Ezechiël 20:39-49 NBG-vertaling 1951 (NBG51)

39. En gij, huis Israëls, zo zegt de Here Here, welaan, laat ieder zijn afgoden maar dienen! Doch later, dan zult gij naar Mij luisteren en mijn heilige naam niet meer ontheiligen met uw offergaven en uw afgoden.

40. Want op mijn heilige berg, op de hoge berg Israëls, luidt het woord van de Here Here, daar zal het ganse huis Israëls in zijn geheel Mij in het land dienen. Daar zal Ik behagen in hen hebben en daar zal Ik heffingen van u vorderen en het beste uwer gaven, bij alles wat gij heiligt.

41. Als in een liefelijke reuk zal Ik behagen in u hebben, wanneer Ik u voer uit het midden der volken. Dan zal Ik u uit de landen waarin gij verstrooid zijt, bijeenbrengen en Mij aan u de Heilige betonen ten aanschouwen van de volken.

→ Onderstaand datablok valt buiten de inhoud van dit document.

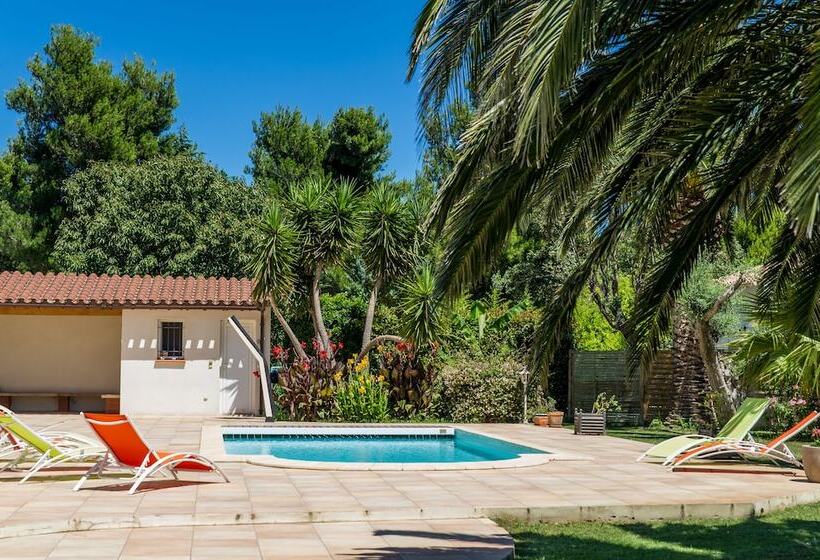 פנסיון Mas Picton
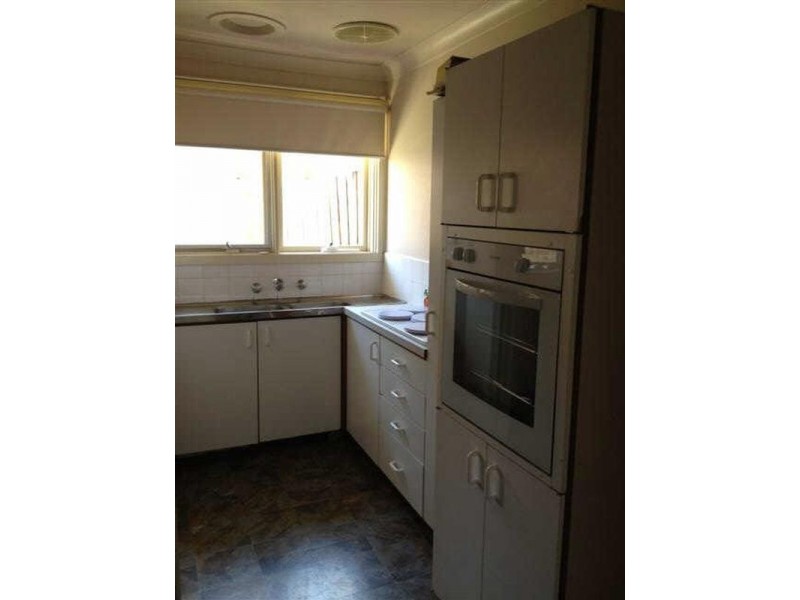 5/28  Coorigil Road, Carnegie VIC 3163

42. En gij zult weten, dat Ik de Here ben, als Ik u in het land van Israël brengen zal, in het land dat Ik gezworen heb aan uw vaderen te geven.

43. Daar zult gij terugdenken aan alle handel en wandel, waarmee gij u verontreinigd hebt, en van uzelf walgen om al de slechte daden die gij bedreven hebt.

44. En gij zult weten, dat Ik de Here ben, wanneer Ik ter wille van mijn naam niet met u doen zal naar uw verkeerde wandel en naar uw verdorven handel, huis Israëls, luidt het woord van de Here Here.

45. Het woord des Heren kwam tot mij:

46. Mensenkind, keer uw gelaat naar het zuiden, laat uw woorden stromen tegen de Zuiderstreek, profeteer tegen het woudgebied, het Zuiderland,

47. en zeg tot het woud van het Zuiderland: Hoor het woord des Heren: zo zegt de Here Here: zie, Ik steek een vuur in u aan, dat elke groene boom en elke dorre boom in u zal verteren. De laaiende vlam zal niet uitdoven, maar van het zuiden tot het noorden zullen alle aangezichten erdoor verzengd worden.

48. En al wat leeft zal zien, dat Ik, de Here, ze ontstoken heb; zij zal niet uitdoven.

49. Toen zeide ik: Ach, Here Here, men zegt van mij: spreekt hij niet enkel in raadselspreuken?